Leelondon thank you for the advice and inspiration it means a lot. U make me want to stop drinking
Hi guys, I’m new to NOCD, just wondering if anyone has any advice on how to cope better than I am at the moment. I’m 21, and I’ve been struggling with OCD for 6 years or so, but I’ve only been diagnosed for a little over a year. I’ve completely smashed the prerequisite score for diagnoses but I constantly feel like I’m making negligible progress. I have been having CBT for 10+ weeks (I lost count) and I have learnt to manage the checks and “physical” aspect of OCD, but the Intrusive Thoughts have multiplied so badly that I cannot perform simple actions without a mental battle. I have considered medication but it is not something I want to pursue unless absolutely a help from others’ experience (luckily I get free prescriptions and healthcare from the NHS, so cost isn’t a factor). How does anyone cope? Is there any experiences that have made anyone laugh? Sometimes I get so worked up that I can’t take myself seriously ? but I just want to know how other people feel since I do feel like nobody really understands what it is like, and just tell me to “not do it” which isn’t really any help! Thanks ?

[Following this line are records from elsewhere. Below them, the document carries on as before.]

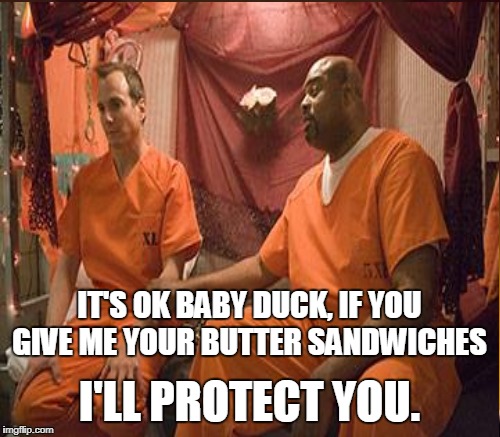 IT'S OK BABY DUCK, IF YOU GIVE ME YOUR BUTTER SANDWICHES I'LL PROTECT YOU. | made w/ Imgflip meme maker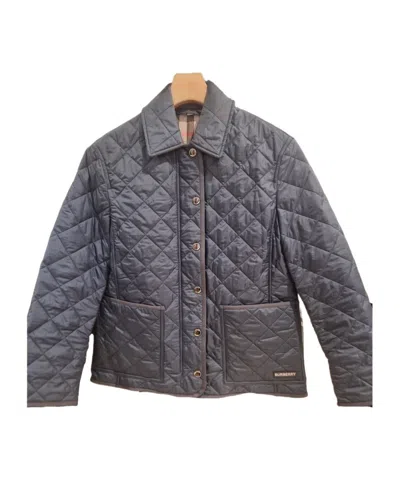 Burberry Quilted Cotton Jacket In Gray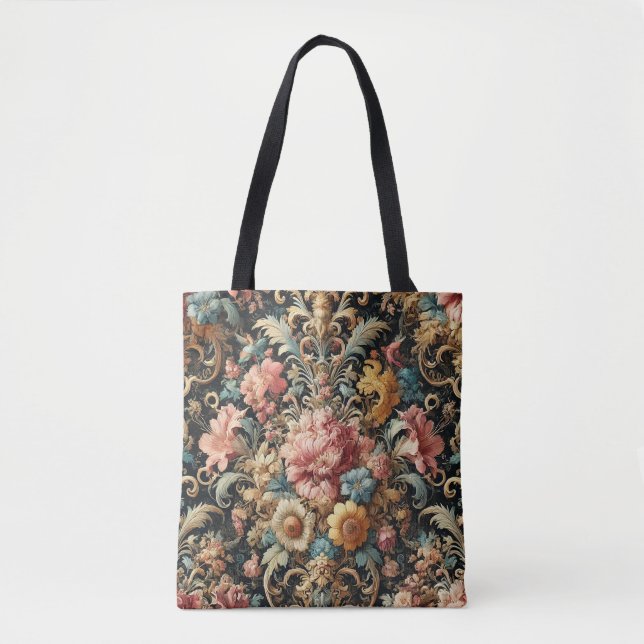 Bolsa Tote Requiem para Arcana - Design Floral Gótico (Frente)
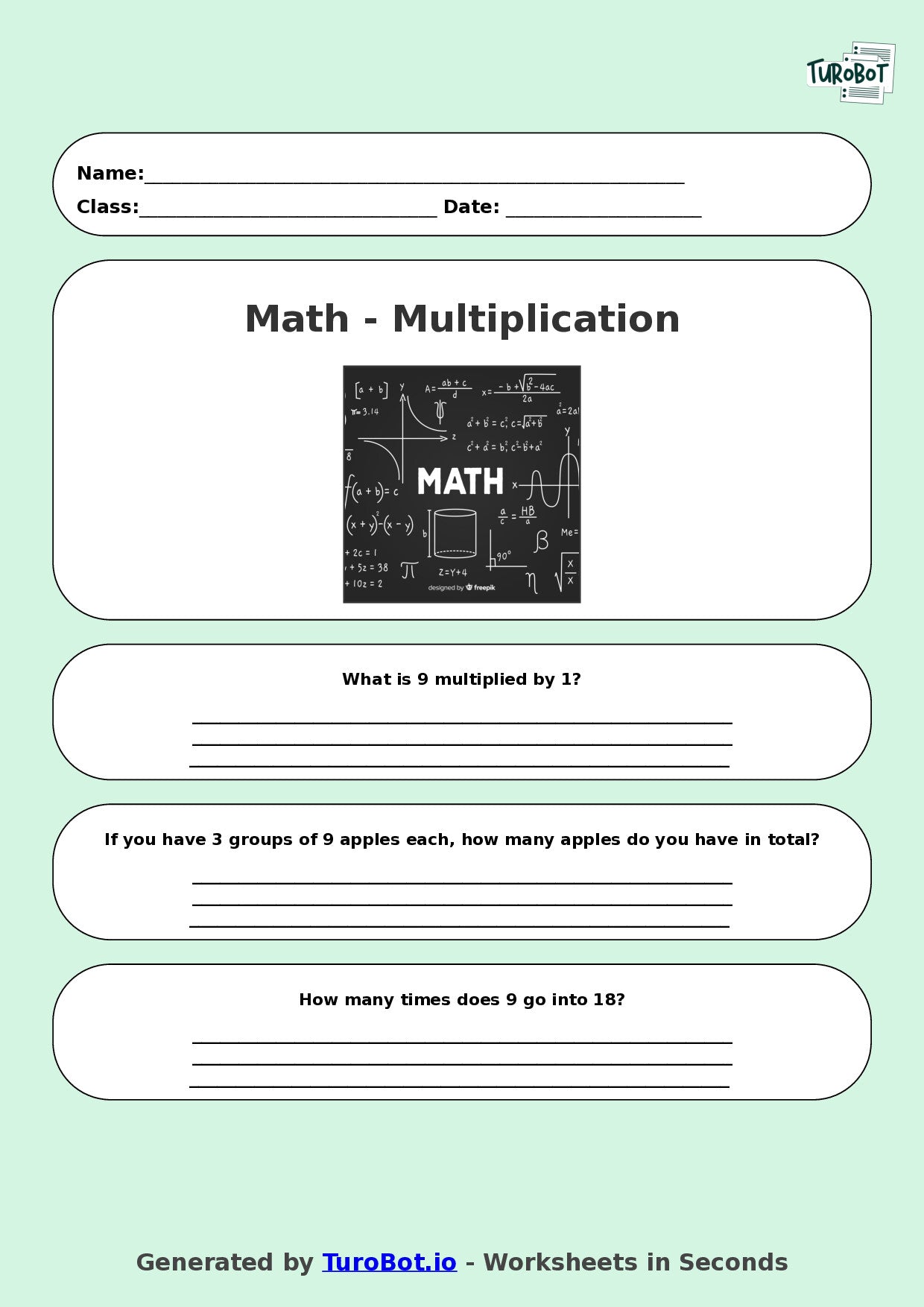 Math - Multiplication - Year 3 - Multiply by 9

Hi everyone I’ve struggled with OCD for 22 years, and I’m hoping to start doing some really tough ERP with the app. My revolves around superstitious OCD and thoughts popping in basically if I think something whilst touching an object or doing something i feel it makes it more likely to happen, I have depression due to the OCD. But I hope I can start to recover because I’ve had enough of this illness.
Hi Everyone, I am new to the group and was diagnosed with OCD in December 2021. I struggle with harm and relationship OCD. I have limited social/emotional support from my partner (this is a work in progress) and I am trying to do all I can to heal/recover, so I am posting here on the reccomendation of my NOCD therapist. Although I experienced rumination and obsessive thinking for years, intense anxiety and past trauma brought on intrusive thought symptoms several months ago. This is my first time talking openly in a forum like this about my OCD.